O recurso ficou assim ementado:

PENAL E PROCESSUAL PENAL. EXTRAÇÃO MINERAL SEM AUTORIZAÇÃO (GARIMPO DE OURO) E CRIME AMBIENTAL. ART. 2º DA LEI 8.176/1991 E ART. 55 DA LEI 9.605/1998. MATERIALIDADE E AUTORIA COMPROVADAS. ASSOCIAÇÃO CRIMINOSA NÃO CONFIGURADA. PRINCÍPIO DA CONSUNÇÃO E DA INSIGNIFICÂNCIA. INAPLICABILIDADE. EXIGIBILIDADE DE LAUDO AFASTADA. PROVA INDICIÁRIA. ART. 239 DO CPP. POSSIBILIDADE. DOSIMETRIA DA PENA AJUSTADA.
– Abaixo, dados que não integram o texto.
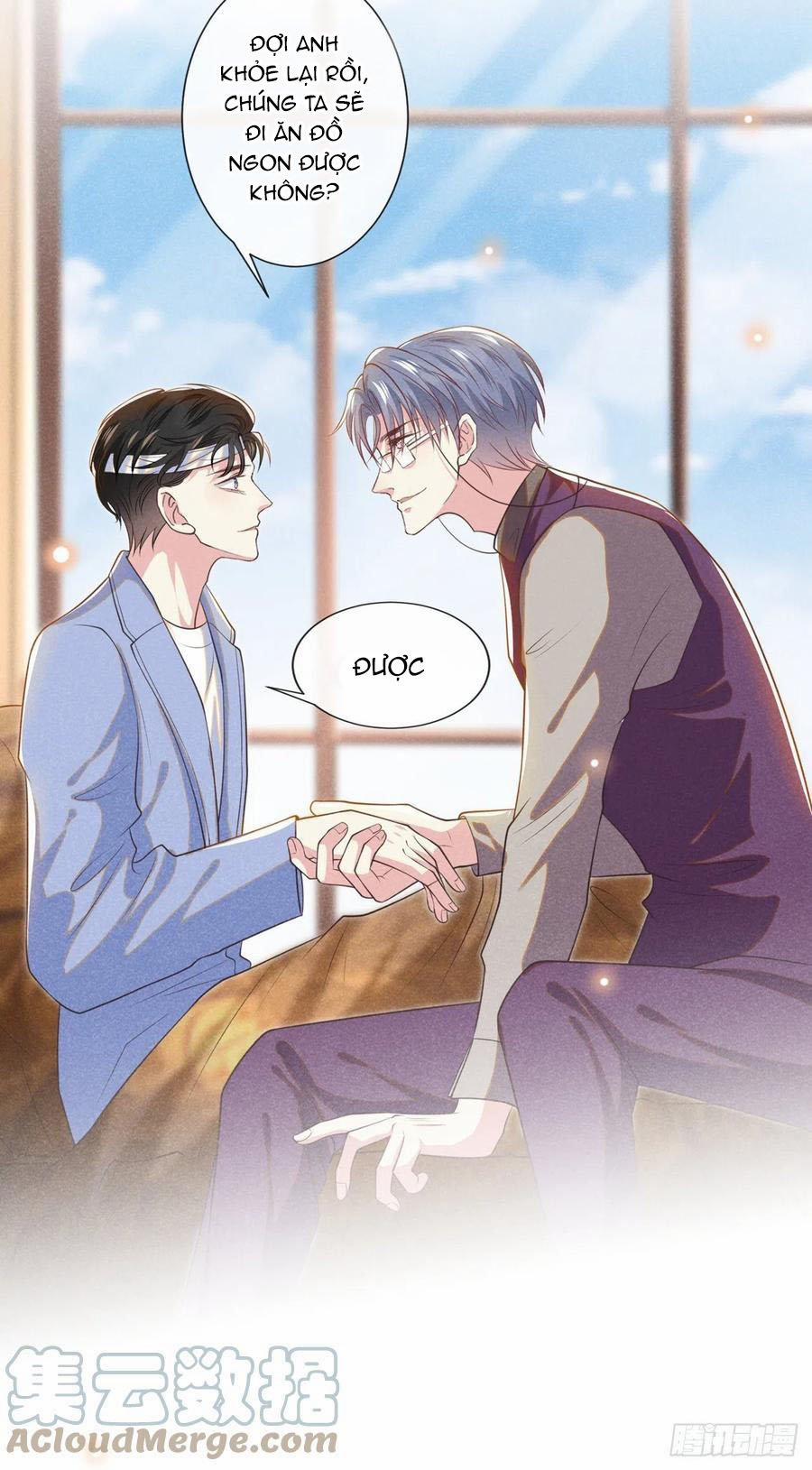 Anh Ấy Nói Tôi Là Hắc Liên Hoa 132 trang 22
1.    Inexiste conflito aparente de normas entre os delitos previstos nos arts. 55 da Lei 9.605/98 e 2º da Lei n. 8.176/91, em razão da diversidade dos bens jurídicos tutelados, respectivamente, o meio ambiente e a preservação de bens e matérias-primas que integrem o patrimônio da União, admitindo-se, portanto, o concurso formal (STJ, AgRg no REsp n. 1.205.986⁄MG, DJe de 11/9/2015).

2.    Embora possível a aplicação do princípio da insignificância a crimes ambientais, tal somente ocorre em casos excepcionais, em que claramente evidenciada a mínima ofensividade da conduta e a ausência de lesão ao bem jurídico tutelado. O garimpo de ouro em terras indígenas, área de proteção ambiental, torna inviável a incidência do referido princípio, porque a atividade, além de lesar o patrimônio público indisponível, fomenta uma gama de outros crimes, pela presença de muitas pessoas em áreas protegidas, causando danos ambientais colaterais e à saúde, além da violência inerente a essa atividade.
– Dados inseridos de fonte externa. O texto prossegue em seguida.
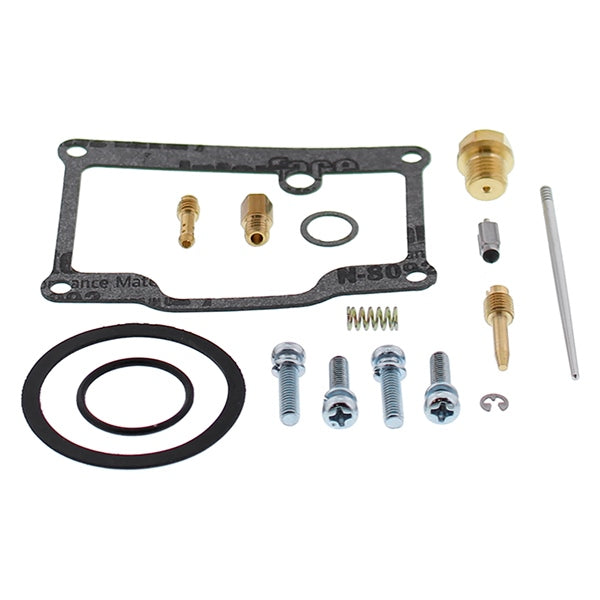 CARBURETOR REBUILD KIT A/C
3.    Dispensável na hipótese a confecção de laudo ambiental. É indiscutível que no local era executada atividade de extração de recursos minerais, no caso, ouro, o que foi corroborado pela localização, pelas equipes de fiscalização, de estrutura material montada para esse fim, com a presença no local de três balsas de garimpo, dois compressores de 175 litros e três motores MWM.

4.  Os autos comprovam a prisão do réu dentro da terra indígena e, em seu interrogatório em Juízo, ele confessa que ali estava para realizar a atividade de garimpo de ouro. Também narra que foi para local por conta própria, e que sabia estar em terras indígenas, o que está em consonância com o depoimento das testemunhas, fiscais do IBAMA, que promoveram ação conjunta de combate ao garimpo ilegal e desmatamento naquelas terras, quando várias pessoas, ao notar a presença deles evadiram-se, permanecendo apenas o ora apelante, que foi preso em flagrante.
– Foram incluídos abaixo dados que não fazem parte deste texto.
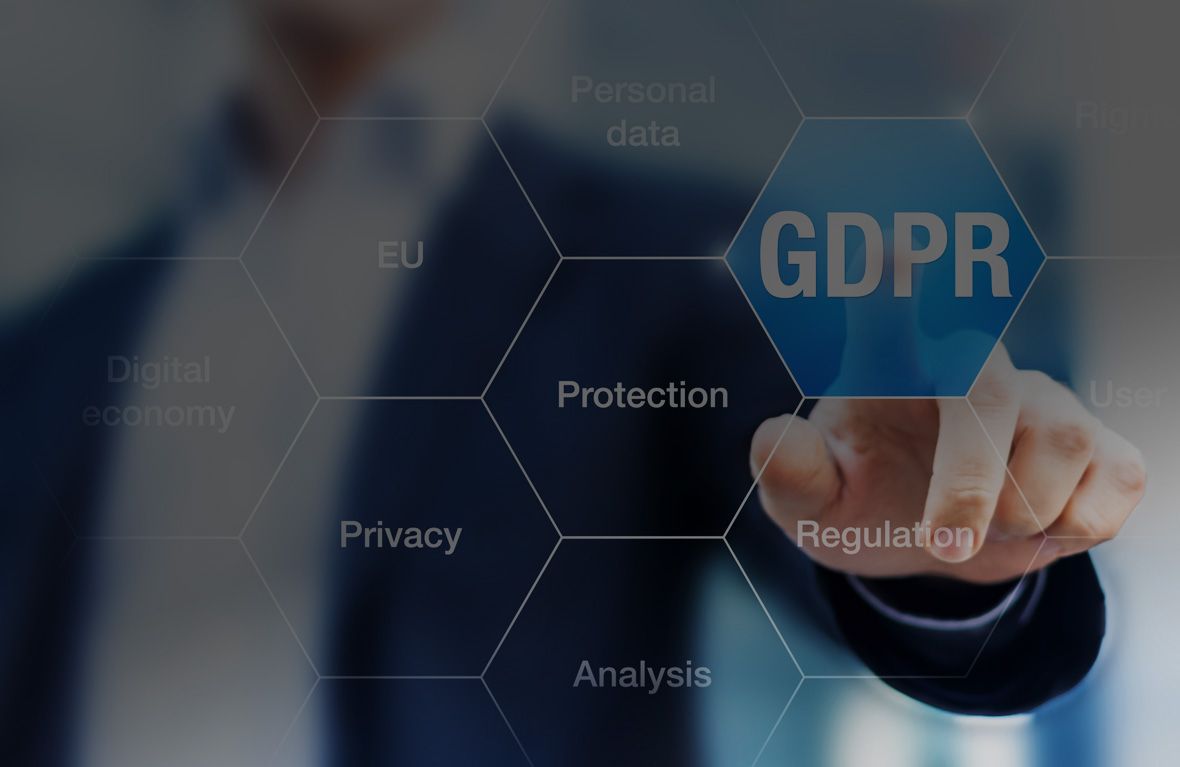 What is GDPR and how does it affect your contracting business?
5.    Essas circunstâncias conhecidas e provadas guardam relação direta com o evento criminoso — mineração em terras indígenas sem autorização da União — e autorizam, nos termos do art. 239 do CPP, por indução, concluir-se a existência de outras circunstâncias, ou seja, que a presença do réu naquele local, fato que acarretou sua prisão em flagrante, servia ao fim de praticar os crimes a que foi condenado.

6.    Os autos não provam minimamente que o réu integrasse associação criminosa voltada ao garimpo ilegal de ouro. Não há prova de liame subjetivo com os demais, com tarefas ordenadas, estabilidade e permanência do grupo criminoso. A narrativa do réu, que é idônea, deixa antever que foi ao local para exercer o garimpo, como se emprego lícito fosse, mas não que ali estivesse com estabilidade e divisão de tarefas e de rendimentos da empreitada criminosa, o que, aliás, poderia nem ocorrer.

7.    Ante a evidente situação de pobreza do réu deve ser reduzido o valor da prestação pecuniária decorrente da substituição da pena privativa de liberdade, de R$ 2.000,00 (dois mil reais) para 1/2 (meio) salário mínimo.

8.    Apelação do réu a que se dá parcial provimento.

9.    Apelação do Ministério Público Federal a que se nega provimento.

O voto da magistrada foi acompanhado por unanimidade pela Turma.